OUR VIEW: Campaign funding ought to be publicMitchell voters soon will decide this city’s next mayor, and many may wonder exactly how much money is being pumped into each candidate’s campaign this spring.
By: Editorial board, The Daily Republic
Mitchell voters soon will decide this city’s next mayor, and many may wonder exactly how much money is being pumped into each candidate’s campaign this spring.
Why does it matter? Because when daily decisions are made, programs are initiated and campaign promises are fulfilled, the residents of this city deserve to know what, if anything, is behind it all. At present, Mitchell does not require campaign-finance reporting for candidates for mayor and City Council. We have opined before that it’s high time to change the process, but to no avail. Do we claim that inappropriate behavior has been happening at the top level of city government? Absolutely not.
Yet the truth is that we do not know, either.
Opponents of campaign-finance reporting say it’s a non-issue. There have been no claims of inappropriateness, so why make the change?
Also, opponents claim campaign-finance reporting only creates more paperwork for candidates.
Neither is a very good argument. Even though nobody has claimed inappropriate behavior, it doesn’t mean it can’t happen in the future. And as far as paperwork is concerned, we don’t see it as a process that would take more than a few minutes of time — certainly less than an hour overall. That’s hardly exhausting.

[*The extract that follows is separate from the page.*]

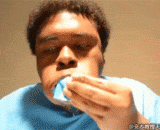 Chewing gum most people chew 250 chewing gum in one breath.,嚼口香糖最多的人，一口气嚼250块口香糖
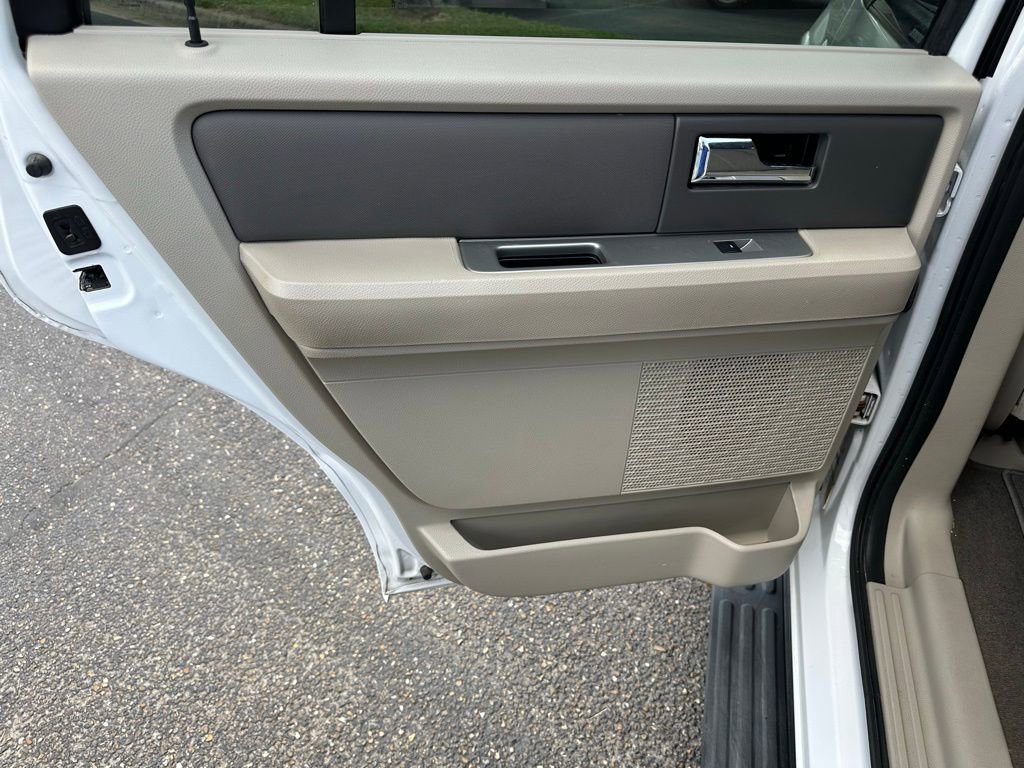 Used 2010 Ford Expedition XLT image 16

When decisions are made on our behalf, Mitchell residents deserve to know that outside influences haven’t played a part. Campaign-finance reporting ensures that the people know everything. That’s the way it should be. We aren’t the only ones who feel this way. The planning group Focus 2020 made the same suggestion a couple of years ago, but to no avail. Why discuss it now? Because the best time to institute change — or at least discuss it — is between administrations. That time is now. Let’s at least consider it.